Rockefeller’s contemporary, banker magnate Jack P. Morgan Jr., had his own reasons to hate Communism. The Communist International had singled out bankers as arch-enemies of the working class, and a hateful underdog mentality spawned the ignorant belief that murdering the elite would promote justice.

Morgan’s valid fears, however, were skewed by prejudice and rivalry. He perceived striking workers, Communists and Jewish business rivals as conspiratorial traitors while he, who had earned a $30 million commission selling munitions to World War I Allies, was but a vulnerable target.

Like Morgan, Americans held valid criticisms against the USSR, including Bolshevik ruthlessness and Stalin’s brutal totalitarianism. Yet, significantly, U.S. Cold War policy was directed against neither brutality nor oppression. Instead, it targeted those whose land and labor reforms for the poor threatened wealthy U.S. businessmen’s profits. Like Morgan, the U.S. falsely elevated business rivalry to moral rivalry.

In 1947, President Harry Truman adopted diplomat George Kennan’s belligerent policy of Soviet containment and dressed up paranoia with a mantle of holy mission. In Greece, Korea, Guatemala and beyond, the U.S. indiscriminately directed violence against leftists, regardless of whether leftists observed humane and democratic ideals.

Not all U.S. officials agreed that slaughtering thousands of Greeks and millions of Koreans was a step toward the light. Nonetheless, in the dogmatic spirit of anti-democracy, dissenters were fired or resigned. Remarkably, Kennan himself later admitted that the U.S. imagination had run wild and falsely “reconjured daily” a “totally malevolent adversary” so deceptively real, “to deny its reality appears as an act of treason. …”

Currently, alleged Russian hacking of the Democratic National Committee’s underhandedness is accused of marring U.S. democracy, yet while this receives indignant attention, the hypocrisy is hard to stomach, for Americans have corrupted democracy at home and abroad far more than any Russian hacker. Like Rockefeller, the U.S. sees dishonesty only in its rivals.

One century-old undemocratic U.S. tradition is the appointment to key government posts in the departments of Defense and State, CIA and National Security Council of individuals intricately linked with Rockefeller and Morgan affiliations. It’s a dangerous practice: When a single stratum of society dominates, it’s more likely that policymakers will share identical blind spots that warp policy.

Consider Rockefeller and Morgan’s tunnel vision.

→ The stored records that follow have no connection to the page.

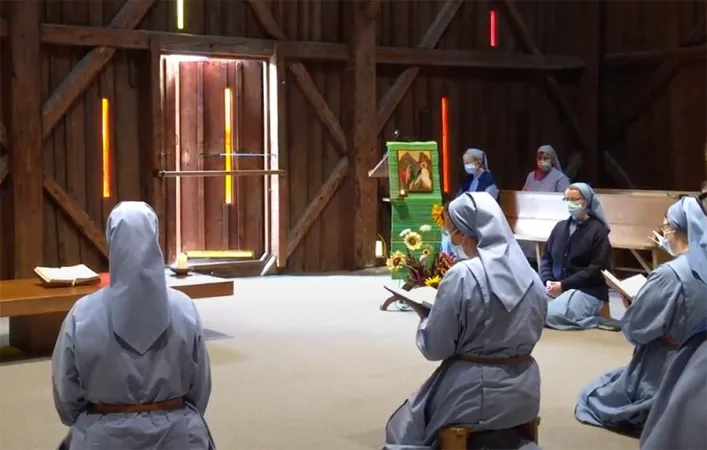 Un gruppo di suore che prega  |  | http://www.synod.va/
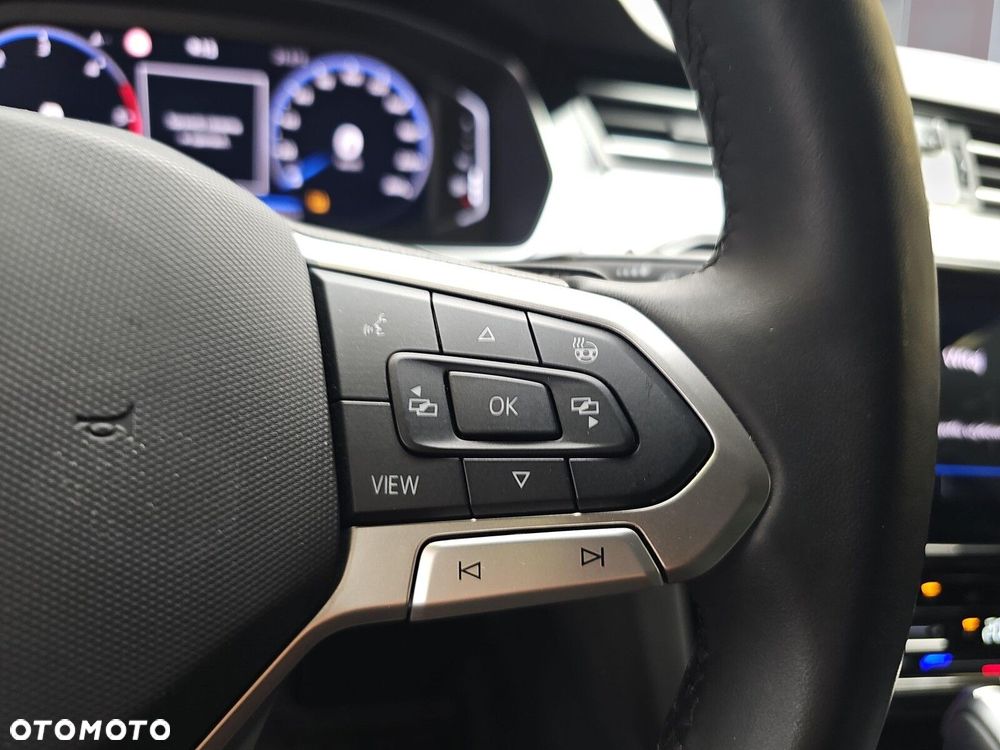 Volkswagen Passat - 16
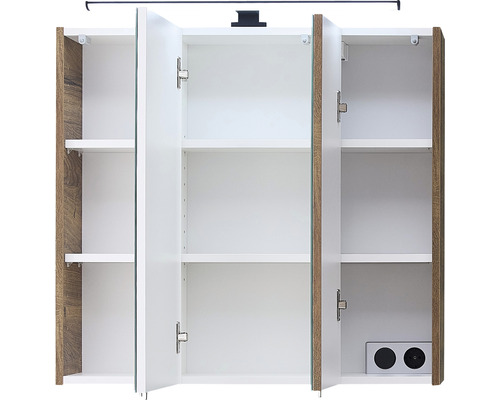 Armoire de toilette ouverte avec trois portes et des étagères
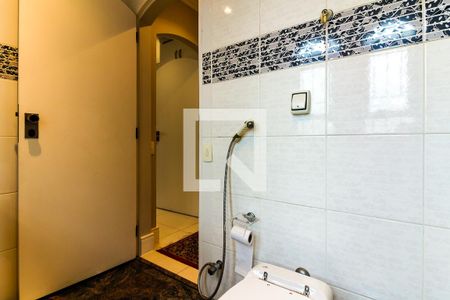 Apartamento à venda com 188m², 4 quartos e 2 vagas Apartamento à venda com 188m², 4 quartos e 2 vagasBanheiro Social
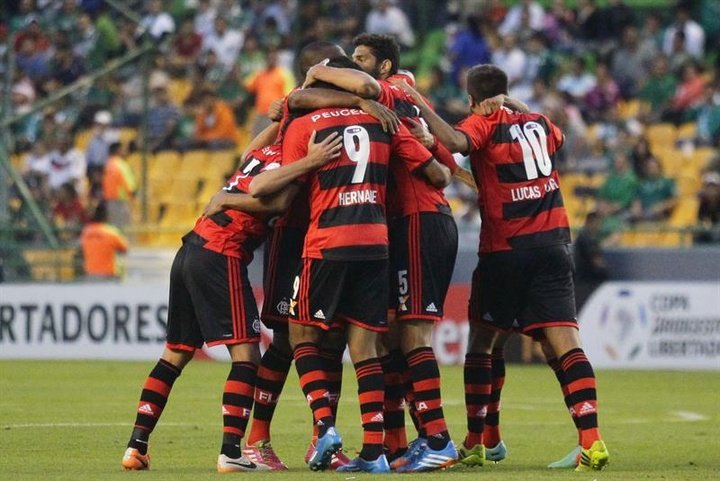 Flamengo se impone a Vitória y alcanza a Palmeiras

Obsessed with rivalry for railroad ownership, neither one considered how railroads were destroying Native American life and millions of bison, slaughtered in sickening railroad hunting excursions.

These powerful men were incapable of comprehending so much. Why, then, should this mentality be granted enormous influence over U.S. policy, which needs to consider broader implications for everyone, not just the rich and powerful?

Yet if Trump and Secretary of State Rex Tillerson, former CEO of Standard Oil descendant ExxonMobil, ally with Putin to litter the land with pipelines and seize oil from the Caspian Sea, it will be a rerun of Rockefeller, Morgan and the railroads: greed mixed with obliviousness to human and environmental suffering.

And if Trump joins Putin to pummel the Middle East in war, Cold War self-righteousness will be recycled, with an acute sensitivity to U.S. fears and an obtuse insensitivity to enemy fears.

Undeniably, the U.S. and Russia are both guilty of belligerency and injustice. To evolve, we must ensure that neither alliances nor animosities feed greed, provoke fear, or inflict suffering.

Kristin Y. Christman has degrees in Russian and public administration from Dartmouth, Brown and the University at Albany.